● Aim of the task: If pictures are present, leave them out, and copy the data word for word.

[Material supplied — start]

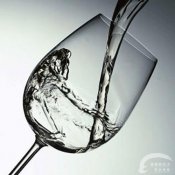 福州新东方厨师学校说食话:三菜一酒看四川人民的抗震精神
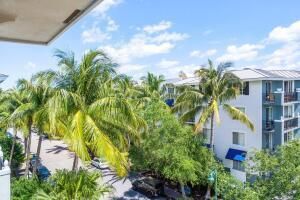 For Sale: $575,000 (1 beds, 1 baths, 864 Square Feet)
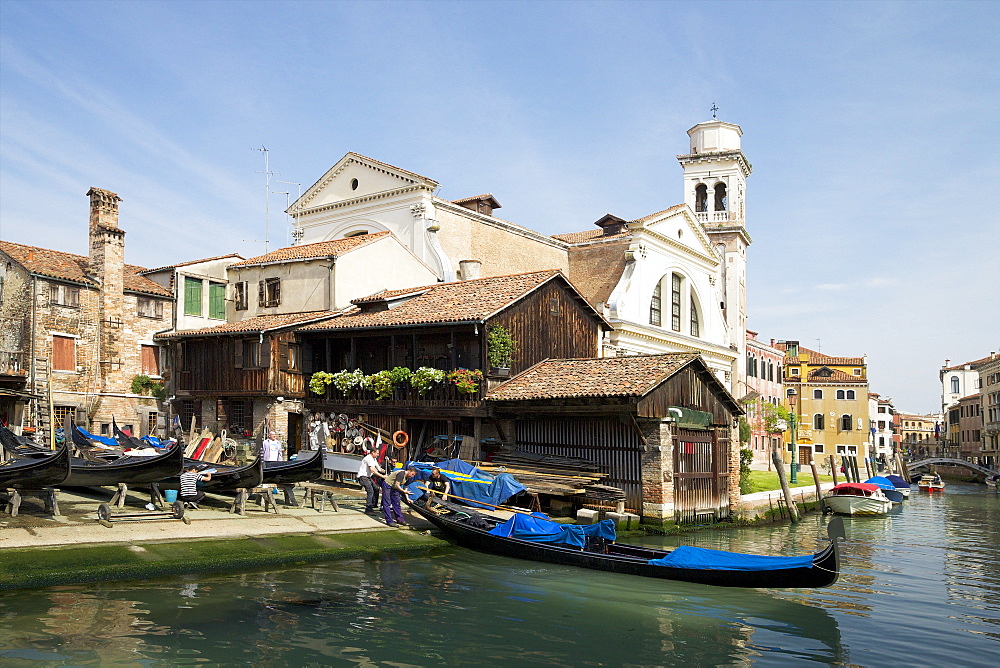 Squero di San Trovaso, gondola boatyard, Dorsoduro, Venice, UNESCO World Heritage Site, Veneto, Italy, Europe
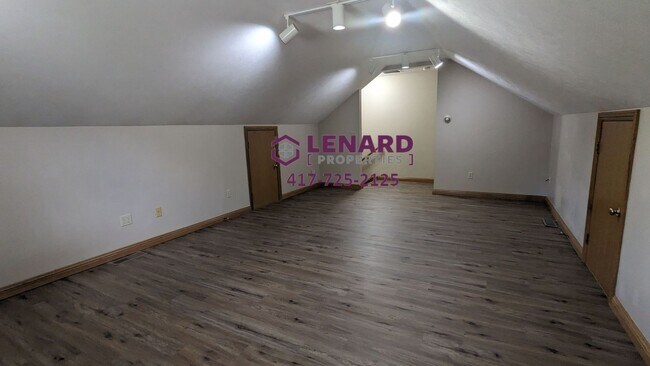 Building Photo - Beautiful and Spacious 3 Bedroom House!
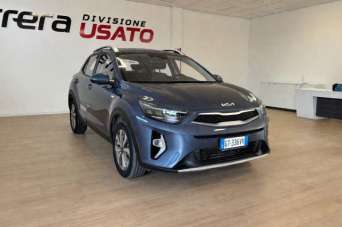KIA Stonic Elettrica/Benzina 2024 usata, Latina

[Material supplied — finish]

● Result of the exercise:
 福州新东方厨师学校说食话:三菜一酒看四川人民的抗震精神
 For Sale: $575,000 (1 beds, 1 baths, 864 Square Feet)
 Squero di San Trovaso, gondola boatyard, Dorsoduro, Venice, UNESCO World Heritage Site, Veneto, Italy, Europe
 Building Photo - Beautiful and Spacious 3 Bedroom House!
KIA Stonic Elettrica/Benzina 2024 usata, Latina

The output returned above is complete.